■ The problem
Reproduce only the lines below from the line containing "False - Townhouse" to the line containing "Ford Mondeo 23 of 27", exactly as written, with both end lines kept. Omit the pictures.

■ Data for the task
..........
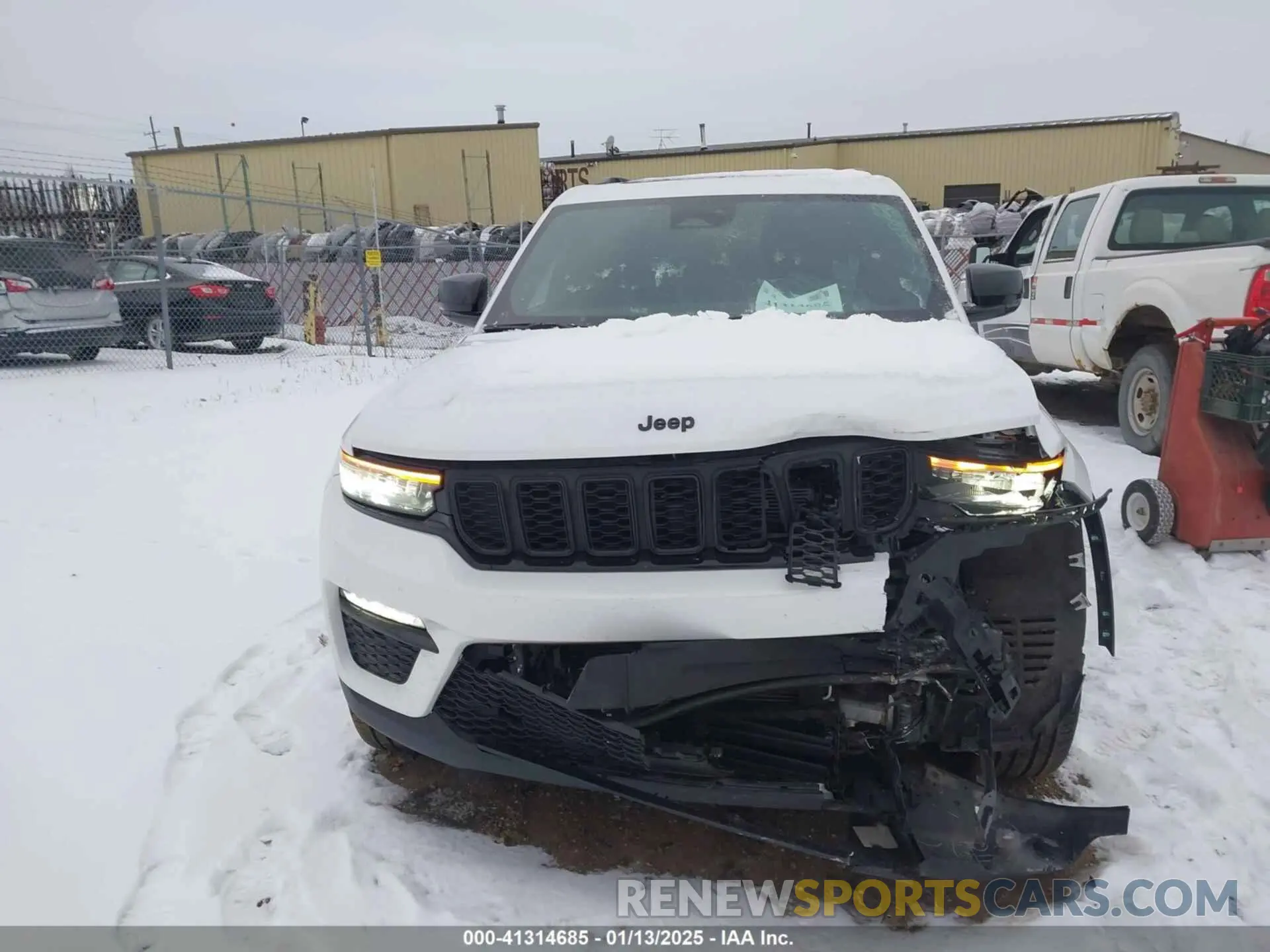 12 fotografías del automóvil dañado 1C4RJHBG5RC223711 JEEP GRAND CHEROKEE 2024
..........
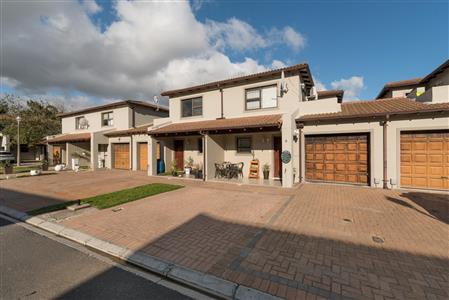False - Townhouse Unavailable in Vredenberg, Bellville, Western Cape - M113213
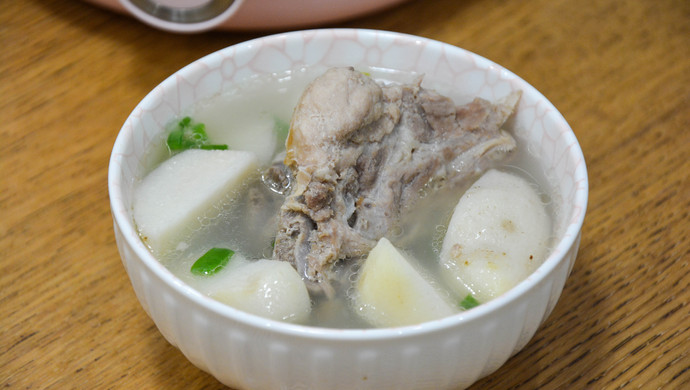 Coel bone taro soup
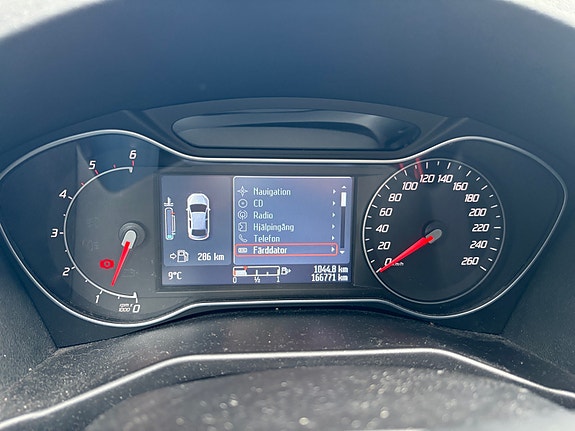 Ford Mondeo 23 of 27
..........
■ Exercise response
False - Townhouse Unavailable in Vredenberg, Bellville, Western Cape - M113213
 Coel bone taro soup
 Ford Mondeo 23 of 27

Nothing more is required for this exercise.